Association of TLR6 single nucleotide polymorphisms and clinical features of ischemic stroke in Korean population
Article information
Abstract
Recent studies showed association between diseases and TLR6 polymorphisms. To investigate whether TLR6 polymorphisms are associated with the development of ischemic stroke, four single nucleotide polymorphisms (SNPs) of the TLR6 gene (rs1039559, rs3821985, rs3775073, and rs5743818) were analyzed in 120 patients with ischemic stroke (IS) and 278 control subjects. All ischemic stroke patients were classified into clinical subgroups according to NHISS and MBI. SNPStats was used to obtain odds ratios (ORs), 95% confidence intervals (CIs), and P values. Multiple logistic regression models (codominant1, codominant2, dominant, recessive, and log-additive) were performed to analyze the genetic data. Two SNPs (rs3821985 and rs3775073) of the TLR6 gene were associated with the NHISS in ischemic stroke patients (P< 0.05). Also, three SNPs (rs1039559, rs3821985, and rs3775073) showed association with MBI in ischemic stroke patients (P< 0.05). These results suggest that SNPs of TLR6 (rs1039559, rs3821985, and rs3775073) may be affect the disease characteristics of stroke, such as NIHSS and MBI.
INTRODUCTION
The toll-like receptor (TLR) 6 has a role in the innate immunity, as receptor for pathogenic molecules (Kadowaki et al., 2001) and endogeneous damage-associated molecules (Piccinini et al., 2010). TLR6 is known as a receptor for mycobacterial infection (Zhang et al., 2013), and associated with recognization of bacterial lipopeptides and lipoteichoic acid (Irvine et al., 2013).
TLRs have receptor function for specific molecules (Kadowaki et al., 2001; Piccinini et al., 2010), and the overall expression of TLRs may activate the subsequent inflammatory response cascades (Kadowaki et al., 2001).
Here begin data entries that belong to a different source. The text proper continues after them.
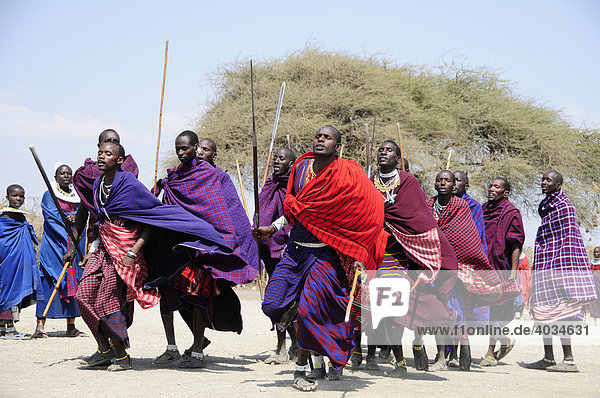 Massai doing a traditional dance in the village of Kiloki  Serengeti  Tanzania  Africa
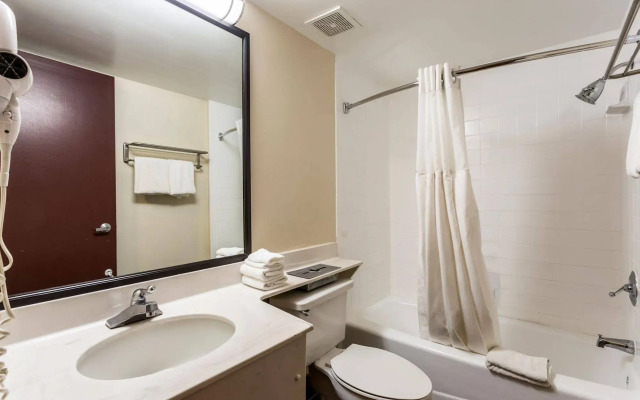 Tropical Palms Hotel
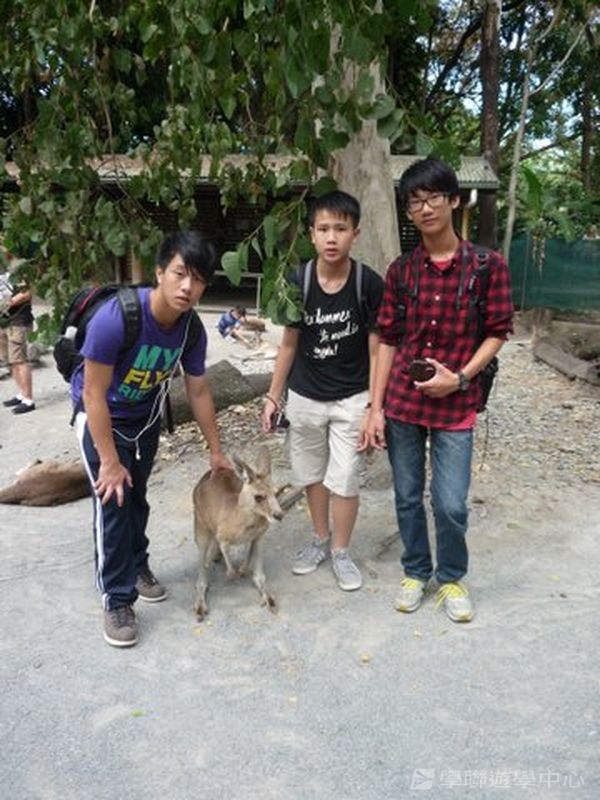 開恩茲英語樂學之旅,學聯遊學團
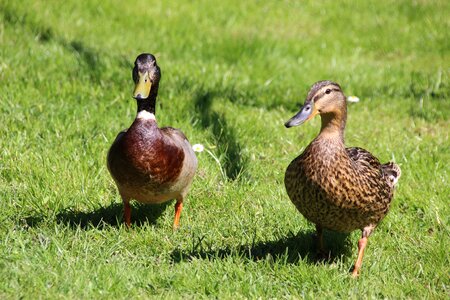 Water bird drake poultry photo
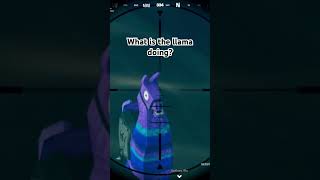 What is the llama doingfortnite fortclips fortnitememes fortniteclips memes gaming [upl. by Ahsead442]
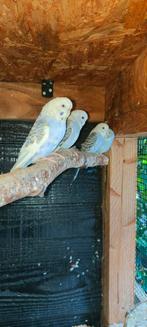 Grasparkieten, Dieren en Toebehoren, Vogels | Parkieten en Papegaaien, Meerdere dieren, Parkiet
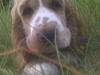 Cocker spaniel Bacio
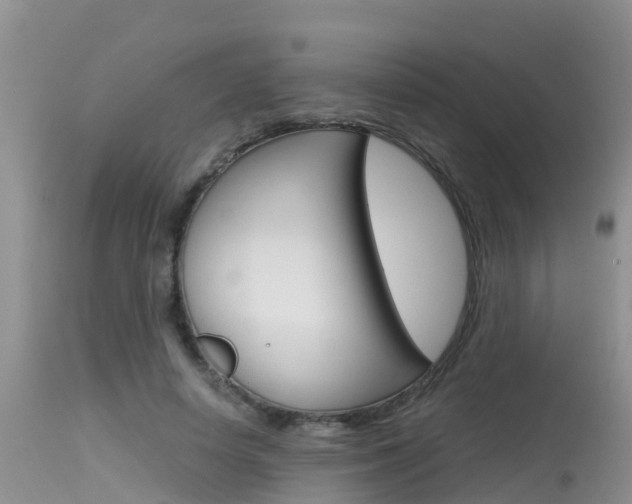 X0000115480642200911061026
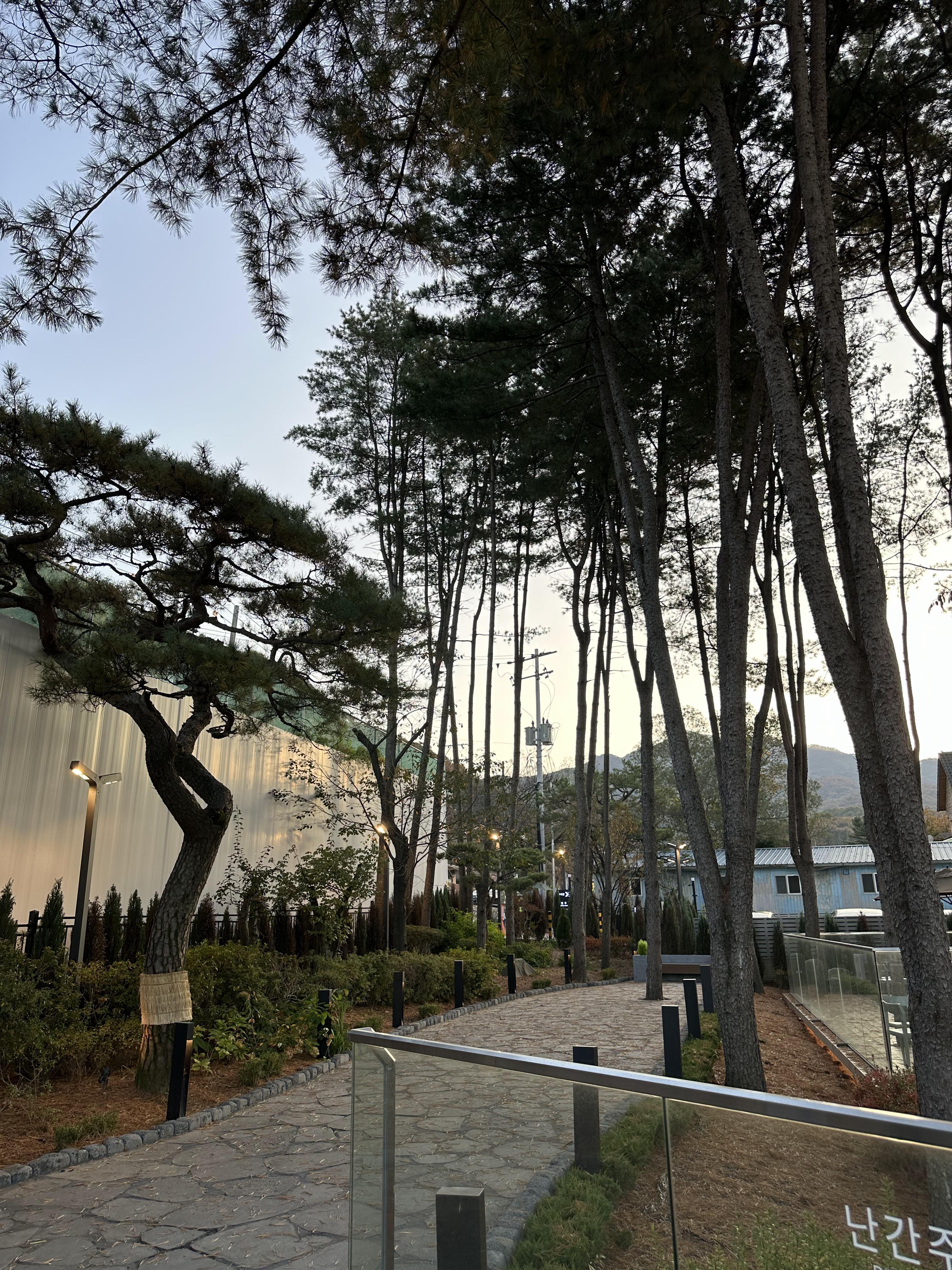 고기리 스타벅스 산책로1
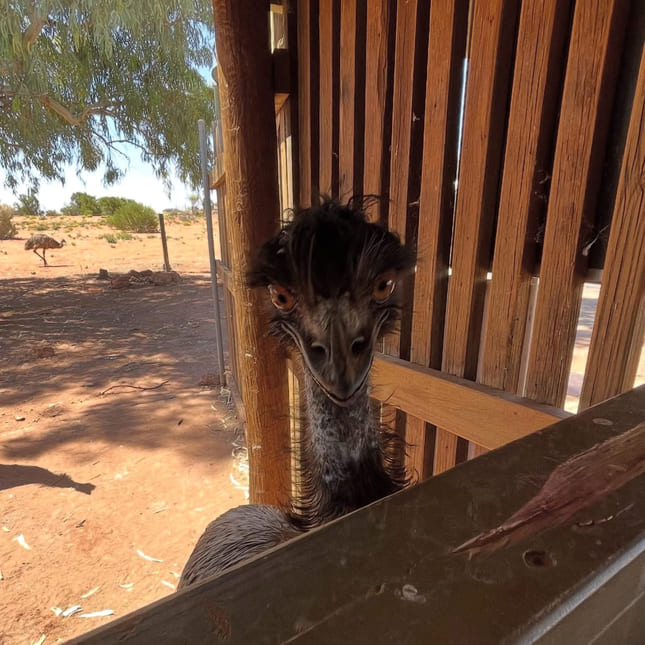 Emu i Australia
TLRs that expressed on the cell membrane need to be dimerized to transduce signals into cytoplasmic pathways. Among them, TLR1 is the most expressed and may be dimerized with any other TLRs to transduce the recognized signals by other TLRs. For the TLR6, TLR2 is the major TLR dimers with it (Irvine et al., 2013).
Interestingly, there is a TLR10/TLR1/TLR6 locus on chromosome 4 (Mikacenic et al., 2013), and the locus forms a complex to genetically affect, or to be associated with, other immune response related genes. And it implies that TLR6 may have close genetic relationship to TLR1, the most expressed TLR which may affect the signal transduction of many TLRs. There was a report that the genetic variation in the TLR10/TLR1/TLR6 complex may determine the TLR1 and TLR2 mediated responses in the individuals (Mikacenic et al., 2013). And TLR1 and TLR2 is associated with activation of inflammatory responses in central nervous system, such as microglial cells, glial progenitors, neurons, astrocytes, as well as peripheral blood monocytes (Cassiani-Ingoni et al., 2006). In the Lyme disease, TLR1 and 2 may affect the human leukocyte antigen (HLA)-class II expressions and therefore, differential symptoms, such as whether central nervous system manifestation develops in individuals, may be determined. Moreover, TNF-alpha mediated inflammation may contribute to the cerebral aneurysms, which is another cerebral artery disease and related with severe inflammatory responses, and TLR-mediated innate immunity was related with higher TNF-alpha expression (Jayaraman et al., 2008). Such evidences suggest that TLRs may affect many vascular diseases, such as stroke, however TLR6 was mostly studied in the pulmonary diseases, such as bronchiolitis (Nuolivirta et al., 2013), Legionnaires’ disease (Misch et al., 2013), and bronchial effect of ureaplasma (Winters et al., 2013), but no previous study was reported whether the TLR6 polymorphisms may affect the development or clinical features of stroke.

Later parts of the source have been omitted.